Cegamedya yazarlarından Algül, yıllardır konuşulan yeraltı geçitlerine belgelerle  ışık tutuyor.

Kapadokya yeraltı şehirleriyle meşhur olup oldukça fazla turist çeker. Almanya'da da kanalizasyon sistemleri için  yaygın bir turist aksiyonu vardır.
Diyarbakır’ın da altında ismi ne olursa olsun geniş bir yeraltı oluşumunun olduğunu kaynaklar belirtiyor. 

Bu yeraltı oluşumlarının bir çoğunun giriş yerlerinin Olağanüstü Hal ve hendek olayları döneminde beton dökülerek kapatıldığı iddia edilmektedir. 

Diyarbakır’ da yaşı kemale ermiş kişilere sorduğumuzda İçkaleden Sur Burçlarında nöbet tutan askerlerin nöbet değişimlerini alt geçitlerden yaptıkları söylenir. 

Diyarbakır’daki bu yeraltı oluşumunun güzergahı kaynaklarda şöyle anlatılır;  Fiskaya–Çiftkap-Urfa kapı bir güzergah; Melik Ahmet-Urfa kapı bir güzergah; Fiskaya-Mardin kapı bir güzergah; Mardin Kapıdan da Şemsilerin kullandığı divleğe inen bir yer altı yolundan bahsediliyor. 

Osman Hamdi Bey'in eserine yansıyan Diyarbakırlıların giyim kültürü Osman Hamdi Bey'in eserine yansıyan Diyarbakırlıların giyim kültürü

İç Kale'nin altında da yaygın bir yeraltı geçitleri vardır.

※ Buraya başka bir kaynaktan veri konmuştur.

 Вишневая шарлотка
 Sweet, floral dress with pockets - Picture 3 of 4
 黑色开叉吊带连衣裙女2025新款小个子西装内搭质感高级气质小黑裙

Vakid’nin verdiği bilgilere göre yani anlattığına göre MS.639’da Diyarbakır hükümdarı Meryem-i Dara kale fethedilince servetiyle yeraltı geçidinden Seyrantepeye ulaştığını öğreniyoruz.

YERALTI HAPİSHANESİ

Diyarbakır’daki yeraltı oluşumları genelde yol çalışmaları kazıları sırasında ortaya çıkmaktadır. Eski SSK Hastanesi, şimdiki Çocuk Hastanesinin karşısındaki, yani yanından geçen asfaltlı yolun altından Fiskaya'ya kadar inen bir hapishanenin varlığından söz ediliyor. 

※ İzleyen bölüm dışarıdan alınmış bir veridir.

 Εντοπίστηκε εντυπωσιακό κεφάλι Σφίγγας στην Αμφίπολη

Bu yeraltı hapishanesinden dolayı zaman, zaman bu güzergahtaki yolun çökmesine neden olduğu da görülmüştür. Bu hapishanenin kapısı Fiskaya'daki bir evin içinde olması muhtemeldir. Buranın mukimi, yani bu evin sahibi bu hapishaneye evinin içindeki kapısını açıp girmekte ve depo olarak kullandığı ihtimaller arasındadır.

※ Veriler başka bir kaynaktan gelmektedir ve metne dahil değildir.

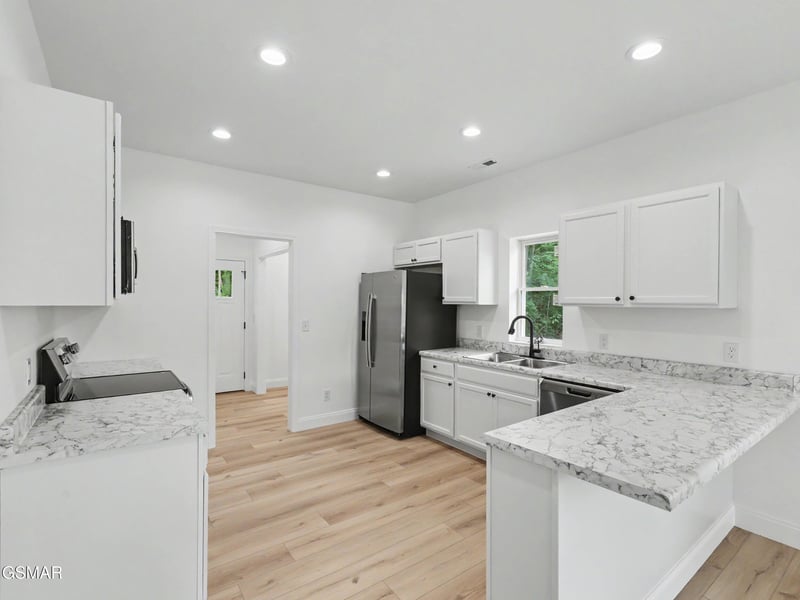 2433 Scenic Mountain Dr, Sevierville, TN 37876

Bunun ortaya çıkarılması gerekir. Ortaya çıkmaması kentin turizmi adına büyük kayıp olduğunu söyleyebiliriz.

İSKENDER PAŞA KONAĞI'NDAN FİSKAYA'YA AÇILAN GEÇİT

İskender Paşa, 1551 yılında Erzurum Beylerbeyliği'ne tayin olur. Bu görevi ifa ederken Ardanuç Kalesi'ni alır, Ardahan ve çevresini fetheder. Narman Kalesi'ni de kansız zapt eden İskender Paşa’ya, bundan sonra Diyarbakır Beylerbeyliği verilir. 

Paşa, Diyarbakır Valiliği'nde bulunduğu sırada diğer görev yerlerinde yaptığı gibi çeşitli hayır işlerini sürdürür. Diyarbakır’da İskender Paşa Camii'ni yaptıran Paşa, bir hamam ve o zaman un fabrikası görevini gören beş değirmen, bir köşk yaptırmış, Hamravat Suyu'nun şehre akmasını sağlamıştır. 

İskender Paşa’nın yaptırdığı ve yazlık olarak kullandığı bu köşkün Fiskaya'da Dicle Nehrine hakim bir konumda olduğu tahmin ediliyor. Çünkü İskender Paşa, günümüzde müze olarak kullanılan İskender Paşa Konağından Fiskayaya uzanan bir yeraltı geçidinden bu yazlık köşke fayton ile zaman zaman ailesiyle bu geçitten pikniğe gittiklerini İskender Paşa torunları da teyit ediyor.

Halen Diyarbakır'da yaşayan, İskenderoğullarının torunlarıyla yapılan görüşmede büyük ninelerinin İskender Paşa Konağı'ndan yeraltı yoluyla Fiskkaya'ya pikniğe gittiğini ifade etmişlerdir..

Bu açıklamayı değerlendirdiğimizde, Bu yer altı geçidinin bir kanalizasyon olduğunu söyleyenlerin tezini çürütmüş oluyor. Bence de bu yeraltı oluşumu kanalizasyon değildir, bir yeraltı geçididir. 

Bu geçidin son derece geniş, bazalt taşlarıyla kaplı, kavisli ters, u şeklinde bir geçit olduğu da söylenmektedir. Ayrıca Urfa Kapı'dan Balıkçılarbaşı’na  uzanan Melik Ahmet Caddesinde yapılan yol çalışmalarında ortaya çıkan bir yer altı oluşumunda odalar ve kapılardan bahsedilmektedir. Bu kazı çalışmaları sırasında çıkan altın sikkelerin yağmaya gittiği halen hatırımızdadır.